Data to process:
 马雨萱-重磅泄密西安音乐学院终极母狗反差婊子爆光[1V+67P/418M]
...
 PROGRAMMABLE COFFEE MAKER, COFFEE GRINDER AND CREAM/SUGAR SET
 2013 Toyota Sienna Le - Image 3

Exercise details: From the records above, reproduce exactly the lines from the one with "PROGRAMMABLE COFFEE MAKER, COFFEE" to the one with "2013 Toyota Sienna Le - Image 3", both included, and no others.

Answer space:
 PROGRAMMABLE COFFEE MAKER, COFFEE GRINDER AND CREAM/SUGAR SET
 2013 Toyota Sienna Le - Image 3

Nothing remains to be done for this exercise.